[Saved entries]
- Opening Delimiter -
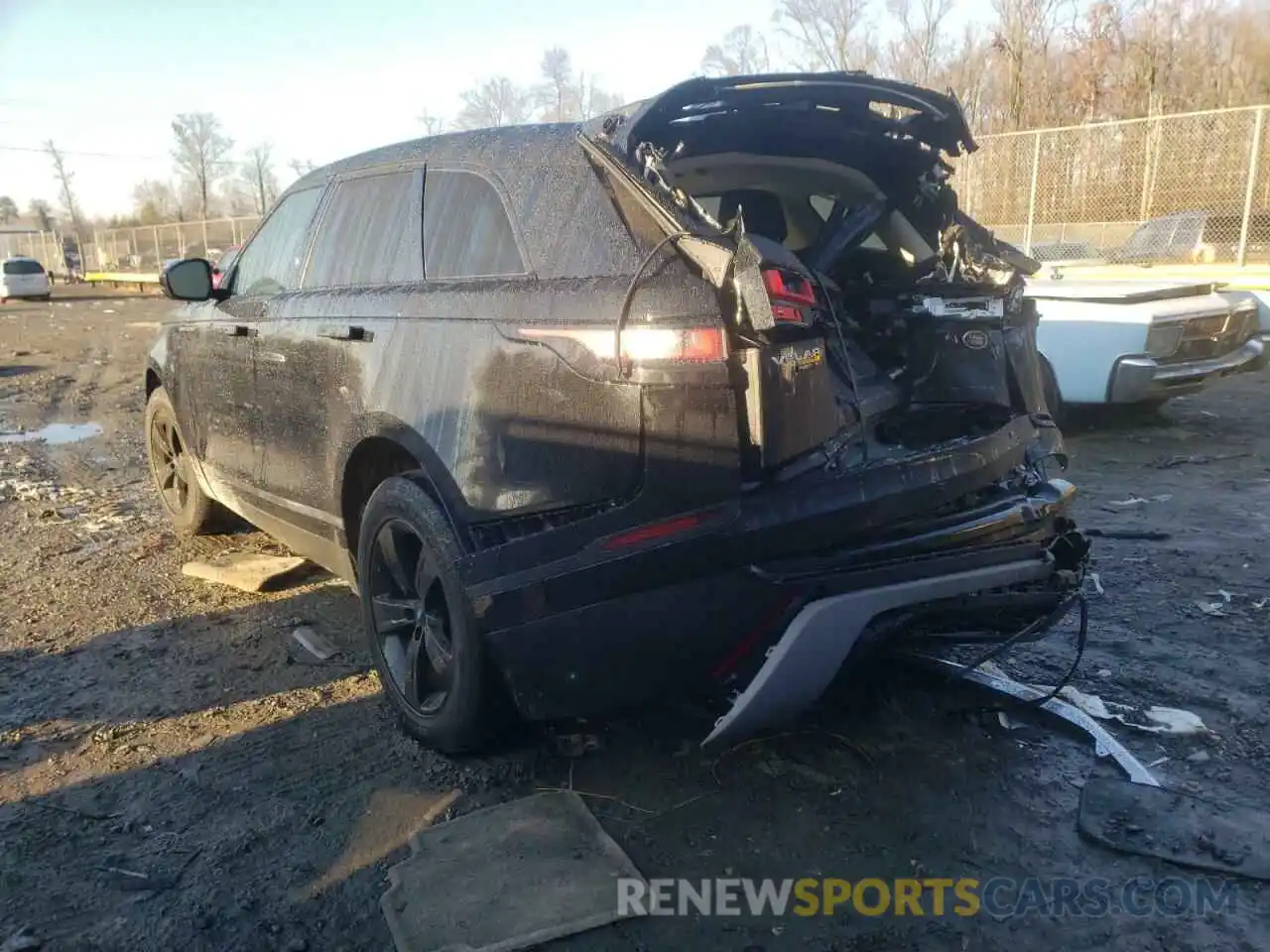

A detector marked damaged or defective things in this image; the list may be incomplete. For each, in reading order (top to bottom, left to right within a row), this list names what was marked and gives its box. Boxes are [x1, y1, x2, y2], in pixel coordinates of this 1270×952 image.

damaged black suv [146, 72, 1081, 751]
broken taillight lens [520, 324, 731, 360]
crushed rear end [479, 74, 1086, 746]
broken taillight lens [756, 266, 818, 327]
detached bumper piece [1107, 334, 1264, 404]
detached bumper piece [700, 537, 1086, 746]
crumpled sheet metal [914, 654, 1163, 791]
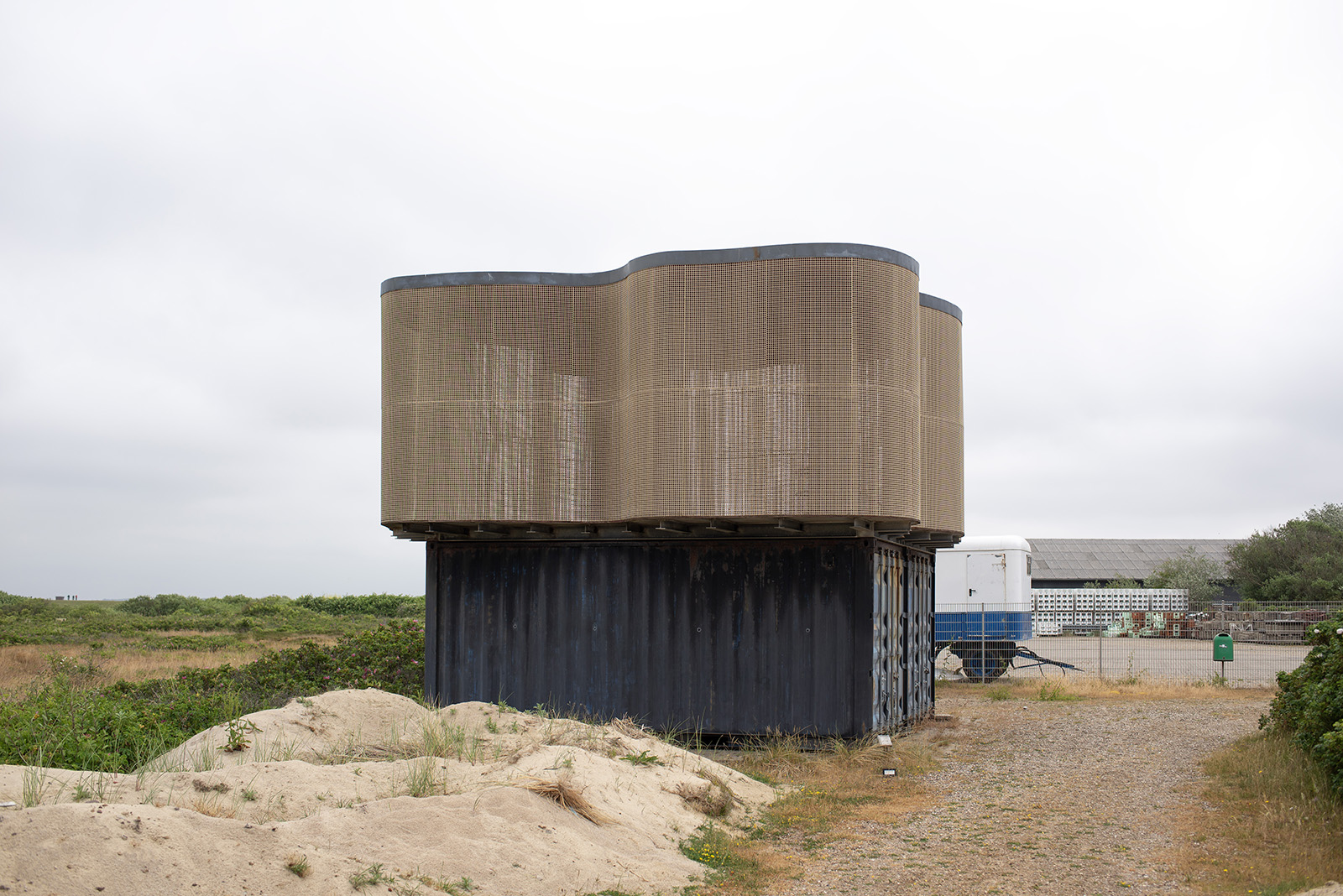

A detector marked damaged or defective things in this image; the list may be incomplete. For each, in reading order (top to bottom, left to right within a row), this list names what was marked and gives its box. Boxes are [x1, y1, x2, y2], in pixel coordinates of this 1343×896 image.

rusty shipping container [424, 536, 929, 740]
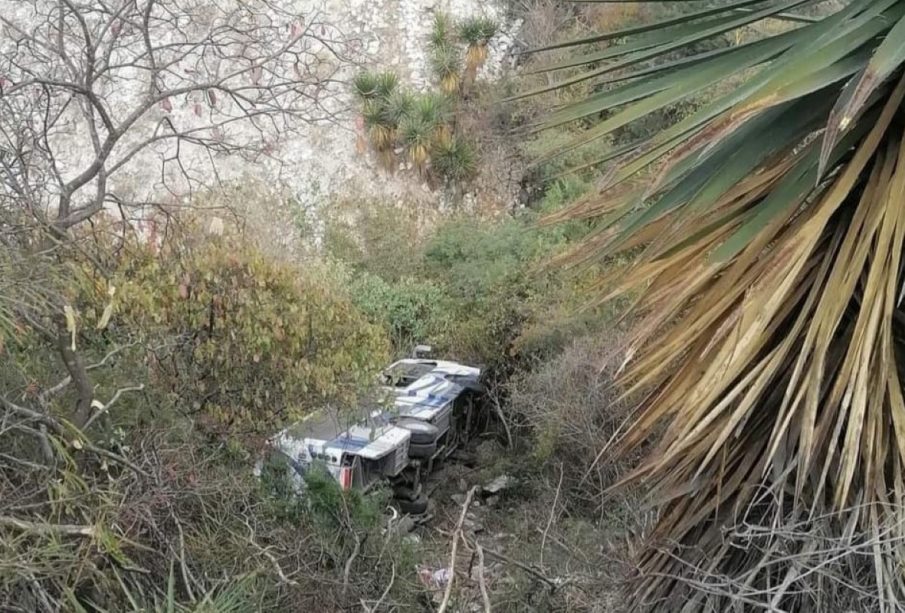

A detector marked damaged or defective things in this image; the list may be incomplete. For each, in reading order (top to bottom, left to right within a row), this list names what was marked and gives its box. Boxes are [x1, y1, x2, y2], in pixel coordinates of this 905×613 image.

wrecked vehicle [258, 346, 484, 512]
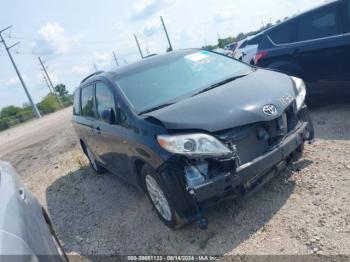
- Closing Delimiter -
__DESCRIPTION OF THE TASK__. An exact copy is needed of every line from the line containing "this 905×613 image." to the last line of the records; pictures stay out of it.

__EXERCISE RESPONSE__.
A detector marked damaged or defective things in this image; the list may be incomplete. For each, in reading order (top to bottom, left to right within a row), this list names what was marked and gives its box. Boxes are [x1, y1, x2, y2], in pixel coordinates of this 905×613 image.

wrecked vehicle [258, 346, 484, 512]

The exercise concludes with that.